Your objective
Retype each line of the listing below, from the first through the one holding "Boekenkast/kamerscherm 60x30x103,5 cm", with no other lines.
Start of Provided information
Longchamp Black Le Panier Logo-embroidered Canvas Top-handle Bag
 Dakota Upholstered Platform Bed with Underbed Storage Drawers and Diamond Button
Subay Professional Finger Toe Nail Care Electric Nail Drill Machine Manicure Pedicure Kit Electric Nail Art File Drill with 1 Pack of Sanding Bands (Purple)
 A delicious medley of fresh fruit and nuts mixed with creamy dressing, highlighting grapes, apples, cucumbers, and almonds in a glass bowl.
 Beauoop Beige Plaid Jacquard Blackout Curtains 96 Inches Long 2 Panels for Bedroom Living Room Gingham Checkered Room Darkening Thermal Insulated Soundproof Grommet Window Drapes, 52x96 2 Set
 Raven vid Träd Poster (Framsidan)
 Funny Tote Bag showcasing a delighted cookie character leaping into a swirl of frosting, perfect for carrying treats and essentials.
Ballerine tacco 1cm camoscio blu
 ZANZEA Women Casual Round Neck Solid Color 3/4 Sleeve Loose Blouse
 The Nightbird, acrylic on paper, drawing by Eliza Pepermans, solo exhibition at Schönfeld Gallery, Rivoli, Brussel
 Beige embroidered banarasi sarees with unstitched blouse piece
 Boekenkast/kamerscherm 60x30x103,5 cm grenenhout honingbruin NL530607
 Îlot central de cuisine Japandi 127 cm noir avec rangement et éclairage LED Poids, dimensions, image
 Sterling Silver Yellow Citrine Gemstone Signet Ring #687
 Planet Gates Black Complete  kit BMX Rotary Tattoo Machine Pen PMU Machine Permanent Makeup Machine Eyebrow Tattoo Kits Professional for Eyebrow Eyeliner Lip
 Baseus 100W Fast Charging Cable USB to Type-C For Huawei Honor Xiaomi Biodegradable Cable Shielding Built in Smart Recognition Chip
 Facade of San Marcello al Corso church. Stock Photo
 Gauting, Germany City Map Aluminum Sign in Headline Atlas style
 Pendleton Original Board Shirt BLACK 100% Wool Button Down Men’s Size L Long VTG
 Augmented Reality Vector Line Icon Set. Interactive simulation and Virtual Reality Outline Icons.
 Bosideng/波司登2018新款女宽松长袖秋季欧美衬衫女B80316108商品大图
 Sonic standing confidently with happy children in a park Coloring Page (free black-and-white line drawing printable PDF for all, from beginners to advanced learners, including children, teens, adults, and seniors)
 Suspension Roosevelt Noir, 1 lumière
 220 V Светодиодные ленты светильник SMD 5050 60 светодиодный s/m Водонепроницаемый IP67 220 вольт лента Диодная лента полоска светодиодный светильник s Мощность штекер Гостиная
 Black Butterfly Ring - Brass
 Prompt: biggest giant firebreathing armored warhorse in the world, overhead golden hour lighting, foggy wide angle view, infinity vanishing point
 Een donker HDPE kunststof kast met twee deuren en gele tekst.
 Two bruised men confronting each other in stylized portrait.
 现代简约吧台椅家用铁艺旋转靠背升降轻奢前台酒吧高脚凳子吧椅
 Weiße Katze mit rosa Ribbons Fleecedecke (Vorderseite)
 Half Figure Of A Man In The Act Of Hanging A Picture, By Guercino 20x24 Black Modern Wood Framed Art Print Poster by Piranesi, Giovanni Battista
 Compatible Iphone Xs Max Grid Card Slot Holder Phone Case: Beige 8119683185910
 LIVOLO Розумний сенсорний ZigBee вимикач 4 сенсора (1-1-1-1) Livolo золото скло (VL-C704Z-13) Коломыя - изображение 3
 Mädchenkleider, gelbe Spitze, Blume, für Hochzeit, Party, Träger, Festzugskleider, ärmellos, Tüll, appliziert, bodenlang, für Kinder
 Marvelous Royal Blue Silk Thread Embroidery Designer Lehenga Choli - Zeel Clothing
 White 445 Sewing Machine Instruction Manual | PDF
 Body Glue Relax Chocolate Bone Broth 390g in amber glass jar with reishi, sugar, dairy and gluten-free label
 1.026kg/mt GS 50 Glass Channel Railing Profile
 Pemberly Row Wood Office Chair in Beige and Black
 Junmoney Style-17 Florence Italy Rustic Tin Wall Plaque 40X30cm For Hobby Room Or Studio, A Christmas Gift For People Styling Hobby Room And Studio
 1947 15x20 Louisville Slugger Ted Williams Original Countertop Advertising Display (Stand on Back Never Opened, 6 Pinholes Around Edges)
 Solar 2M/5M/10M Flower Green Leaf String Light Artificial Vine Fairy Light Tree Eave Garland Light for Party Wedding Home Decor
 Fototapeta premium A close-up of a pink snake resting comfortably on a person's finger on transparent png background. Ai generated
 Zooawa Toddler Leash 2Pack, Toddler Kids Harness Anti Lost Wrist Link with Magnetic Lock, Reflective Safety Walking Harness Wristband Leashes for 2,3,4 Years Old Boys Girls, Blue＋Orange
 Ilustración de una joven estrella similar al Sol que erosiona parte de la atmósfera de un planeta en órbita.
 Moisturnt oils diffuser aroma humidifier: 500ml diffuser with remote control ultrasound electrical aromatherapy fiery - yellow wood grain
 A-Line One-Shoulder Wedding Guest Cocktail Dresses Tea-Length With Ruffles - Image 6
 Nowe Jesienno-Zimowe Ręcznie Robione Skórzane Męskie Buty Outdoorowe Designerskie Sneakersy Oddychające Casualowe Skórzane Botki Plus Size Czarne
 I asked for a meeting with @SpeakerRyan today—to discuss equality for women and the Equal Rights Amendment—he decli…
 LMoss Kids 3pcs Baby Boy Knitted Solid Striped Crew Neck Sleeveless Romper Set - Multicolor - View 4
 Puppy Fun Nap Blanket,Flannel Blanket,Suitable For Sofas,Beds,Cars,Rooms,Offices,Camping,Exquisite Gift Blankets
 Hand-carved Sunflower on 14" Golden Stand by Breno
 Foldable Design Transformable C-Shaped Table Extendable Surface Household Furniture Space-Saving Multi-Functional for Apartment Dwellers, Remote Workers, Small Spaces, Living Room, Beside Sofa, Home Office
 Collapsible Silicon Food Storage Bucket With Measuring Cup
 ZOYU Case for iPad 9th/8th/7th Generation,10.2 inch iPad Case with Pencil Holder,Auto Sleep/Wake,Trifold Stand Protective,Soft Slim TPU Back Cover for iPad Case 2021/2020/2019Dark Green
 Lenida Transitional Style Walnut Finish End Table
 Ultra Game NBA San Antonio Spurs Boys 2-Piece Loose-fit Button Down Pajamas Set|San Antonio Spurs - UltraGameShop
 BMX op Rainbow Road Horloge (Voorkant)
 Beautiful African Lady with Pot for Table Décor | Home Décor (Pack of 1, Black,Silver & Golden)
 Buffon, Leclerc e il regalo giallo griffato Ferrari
End of Provided information
Task output
Longchamp Black Le Panier Logo-embroidered Canvas Top-handle Bag
 Dakota Upholstered Platform Bed with Underbed Storage Drawers and Diamond Button
Subay Professional Finger Toe Nail Care Electric Nail Drill Machine Manicure Pedicure Kit Electric Nail Art File Drill with 1 Pack of Sanding Bands (Purple)
 A delicious medley of fresh fruit and nuts mixed with creamy dressing, highlighting grapes, apples, cucumbers, and almonds in a glass bowl.
 Beauoop Beige Plaid Jacquard Blackout Curtains 96 Inches Long 2 Panels for Bedroom Living Room Gingham Checkered Room Darkening Thermal Insulated Soundproof Grommet Window Drapes, 52x96 2 Set
 Raven vid Träd Poster (Framsidan)
 Funny Tote Bag showcasing a delighted cookie character leaping into a swirl of frosting, perfect for carrying treats and essentials.
Ballerine tacco 1cm camoscio blu
 ZANZEA Women Casual Round Neck Solid Color 3/4 Sleeve Loose Blouse
 The Nightbird, acrylic on paper, drawing by Eliza Pepermans, solo exhibition at Schönfeld Gallery, Rivoli, Brussel
 Beige embroidered banarasi sarees with unstitched blouse piece
 Boekenkast/kamerscherm 60x30x103,5 cm grenenhout honingbruin NL530607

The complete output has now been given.